Painter's Partition Problem

Problem

Given an array/list of length ‘n’, where the array/list represents the boards and each element of the given array/list represents the length of each board. Some ‘k’ numbers of painters are available to paint these boards. Consider that each unit of a board takes 1 unit of time to paint.

You are supposed to return the area of the minimum time to get this job done of painting all the ‘n’ boards under a constraint that any painter will only paint the continuous sections of boards. (link)

Example :

Input: arr = [2, 1, 5, 6, 2, 3], k = 2
Output: 11

Explanation:
First painter can paint boards 1 to 3 in 8 units of time and 
the second painter can paint boards 4-6 in 11 units of time. 
Thus both painters will paint all the boards in max(8,11) = 11 units of time.
It can be shown that all the boards can't be painted in less than 11 units of time.

Expected Time Complexity: Try to do this in O(n*log(n)).

Constraints :

1 <= n <= 10^5
1 <= k <= n
1 <= arr[i] <= 10^9

Time Limit: 1 sec.

Solution

Brute force Approach

This is exactly similar to Allocate books (link) and Split Array largest Sum (link). We need to allocate the boards in such a way that the maximum value of the distribution of boards should be as minimal as possible.

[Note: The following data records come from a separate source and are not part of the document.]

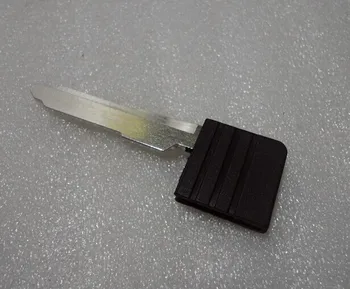 Netăiate de Urgență a Introduce Smart Key Blade Pentru Mazda M6 RX8 CX-7 Smart Card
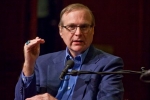 Allen, Microsoft, microsoft co founder paul allen dies at 65, Forbes magazine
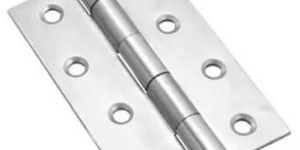 Stainless Steel Door Hinge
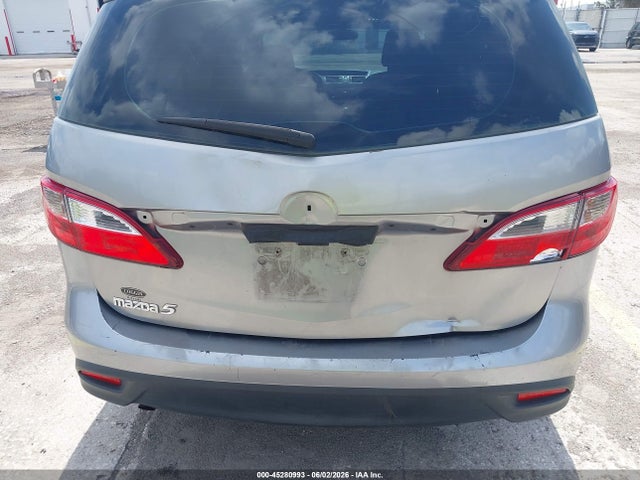Mazda Mazda5 Sport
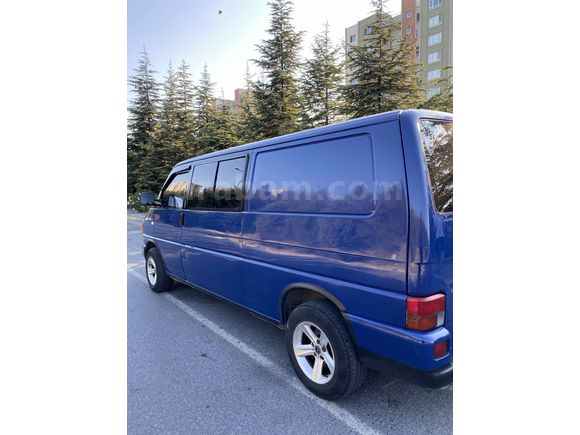 Sahibinden Volkswagen Transporter 2.4 1997 Model 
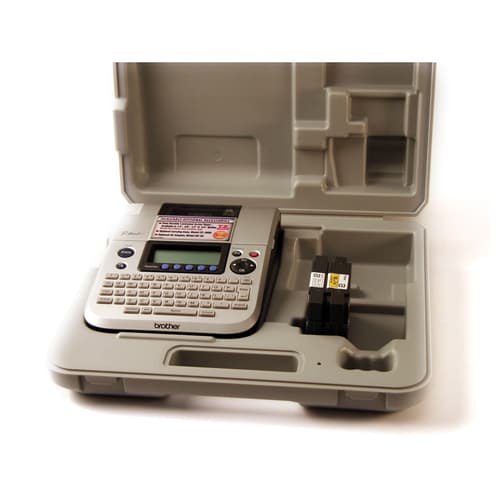 Brother CC3000 Protective Carrying Case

Here, we approach the problem in the opposite way: we find out from the minimum possible time to the maximum time and check for each time threshold how many painters are required to paint. If the number of painters required is less than or equal to the required number 𝑘k, then we return that particular time as the answer

Why <=k ? Check the split array largest sum problem.

Time - O(sum-max)*O(n)

Space - O(1)

sum = Total sum of array; max = Max element of the array , n=length of array

public class Solution 
{
    private static int getTotalPainters(ArrayList<Integer> boards, int maxTimeForEachPainter){
        int noOfpainters = 1;
        int duration = 0;

        for(int time: boards){
            if(time+duration<=maxTimeForEachPainter){
                duration+=time;
            }
            else{
                noOfpainters+=1;
                duration = time;
            }
        }
        return noOfpainters;
    }

    public static int findLargestMinDistance(ArrayList<Integer> boards, int k)
    {
        //    Write your code here.
        int min = Collections.max(boards);
        int max = boards.stream().reduce(0, (a,b)->a+b);

        for(int time = min; time<=max; time++){
            if(getTotalPainters(boards, time)<=k){
                return time;
            }
        }

        return -1;

    }
}

Optimal Approach - Binary Search

Apply binary search on top of brute force approach.

Time - O(sum-max) * O(logn)

space - O(1)

sum = Total sum of array; max = Max element of the array , n=length of array

public class Solution 
{
    private static int getTotalPainters(ArrayList<Integer> boards, int maxTimeForEachPainter){
        int noOfpainters = 1;
        int duration = 0;

        for(int time: boards){
            if(time+duration<=maxTimeForEachPainter){
                duration+=time;
            }
            else{
                noOfpainters+=1;
                duration = time;
            }
        }
        return noOfpainters;
    }
    public static int findLargestMinDistance(ArrayList<Integer> boards, int k)
    {
        //    Write your code here.
        int min = Collections.max(boards);
        int max = boards.stream().reduce(0, (a,b)->a+b);

        int low = min;
        int high = max;

        while(low<=high){
            int mid = (low+high)/2;

            if(getTotalPainters(boards, mid)>k){
                low = mid +1;
            }
            else{
                high = mid - 1;
            }
        }

        return low;

    }
}